I wasn’t expecting much. The iPhone 6 Plus, Apple’s first giant-screen phone, was a game-changer for me; I called it the “best computer I’ve ever had.” It has gotten a bit slow, noticeably showing some of its hardware constraints. But I was happy to ride it out.
The new iPhone, however, feels crazy fast, with upgrades across the board. This is evident in real usage and on paper. Unlocking the phone with my fingerprint—something I do dozens of times per day—is now instantaneous, as is launching apps. Web pages seem to remain in memory longer, and don’t refresh as often. A speed test indicates the iPhone 6S Plus is as fast as Apple’s new MacBook.
The iPhone’s new pressure-sensitive “3D touch” screen could be useful for games and drawing apps. But it’s also a power move for saving time: App makers can add 3D-touch shortcuts to their homescreen icons, so you can jump directly into Shazam-ing a song, composing a tweet, or listening to the podcast episode you were playing earlier.
It’s early, but these shortcuts feel satisfying, powerful, and futuristic, and I’m excited to see where they go. It’s easy to imagine something like hailing an UberPool to the office or home with one tap, or peeking at your favorite teams’ scores by 3D-touching the ESPN app.
This plays into the growing trend of invisible apps that Quartz’s Zach Seward has written about. And it’s exactly the sort of super-fast shortcuts I’d love to see on the next-generation Apple Watch—and the iPad.
New 3D-touch actions are hard to discover, and don’t always feel intuitive. But this seems like the most interesting new feature in a while.
Apple’s new camera feature lets you record a short video while you’re framing your still shot.
This isn’t compelling when shooting landscapes or nonmoving objects, and some have written it off as a gimmick. But if you have a child or a cute dog, and regret how few videos you shoot of them relative to the number of still photos, it’s a delightful, free bonus feature. (Free, that is, beyond the cost of storage. Remember, friends don’t let friends buy the 16 GB iPhone.)
Apple has made a Live Photo tool available to developers, and Facebook will reportedly implement it. It doesn’t immediately seem like the way all photos will eventually be taken or viewed, but it’s a cool option. One area for improvement: It would be nice if the video frame rate was higher on future versions.
It looks nice in some lighting, a little silly in others. It’s really up to what you like. But after using a black or gray iPhone since the beginning, the white screen border is the most jarring. If I buy one, I’ll stick with gray.
Like most people, I purchase a new phone every two years when my wireless contract is up for renewal. So I’ve generally avoided the iPhone “S” model years, and haven’t felt like I’ve missed out on anything.
But in addition to the new iPhone’s speed boosts and features, Apple has introduced a new way of buying one, called the iPhone Upgrade Program, which allows you to lease an unlocked iPhone and upgrade to a new phone annually.

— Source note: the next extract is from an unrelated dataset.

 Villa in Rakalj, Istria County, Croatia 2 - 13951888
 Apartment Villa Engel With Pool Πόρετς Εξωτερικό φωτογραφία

It’s a bit more expensive than other installment plans available from carriers, and Apple is only offering it in the US so far. Also, the idea of renting a highly personal gadget—instead of owning it outright—still feels a bit strange.
But it’s making me think twice. If Apple is going to make future ”S” updates as significant as this year’s, and if the iPhone continues to serve as my primary mobile computer, I’m seriously considering it.